|
Department of Engineering |
|
|
Debugging
Introduction
In Code Complete it notes that "the industry average for code production is
8-20 lines of correct code per day". It's not uncommon for over 50% of programming time to be spent on
debugging, and yet the same book says that "experience suggests that there are 15-50 errors per 1000 lines of
delivered code" and some expensive bugs have been documented. Testers are important enough to get credits nowadays on computer projects (especially with computer games).
|
|
This document looks at various techniques and utilities (particularly
ddd on the Teaching System) that aid debugging. Note that debuggers
like ddd can only be used if your
program already compiles.
The bigger a program becomes, the bigger the benefits of early bug detection.
Pessimistic programming and in-built testing procedures save time
in the end. Don't leave testing to the last moment - test each component as
you go along. Dealing with a sequence of independent bugs is much easier than
fixing inter-related bugs.
Take advantage of what your computing language offers. More recent versions
of Fortran and C/C++ offer facilities designed to replace older, more
bug-prone methods, and compilers have options that can warn you about legal
though suspicious aspects of your code. Read your compiler's documentation.
Each language has its own commonly made errors. See the language sections
of this document for details. Some general points are
- Assume when you're writing your program that it won't be bug-free.
Write it so that
you (and others) can easily debug it: make routines small and control
flow simple.
- Write defensive code. Always assume the worst. Check return values.
- It's not uncommon for beginners to prove to themselves on paper
that their code is correct, even though it's not.
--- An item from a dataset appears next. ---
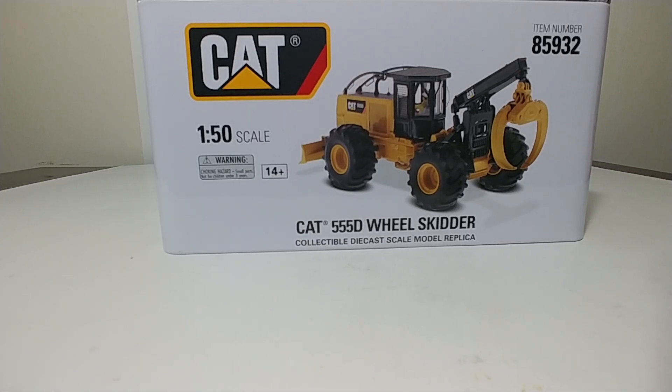Hello and welcome to this edition of DieCast Emporium. Today we're going to be reviewing the DieCast Masters Caterpillar 555D Wheel Grapple Skidder. The item number is 85932. This is a first generation Highline series model.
Add print statements
to print out intermediate values and test assertions.
- If you're using floating point arithmetic, check divisions to see
if you're dividing by zero.
- Check that you're not going off the end of arrays.
- Reduce the scope of your bug search. If you run your program and it
seems to do nothing (but doesn't crash or finish) what is it doing? Is it working
hard on a calculation, is it waiting for input or is it stuck in a loop?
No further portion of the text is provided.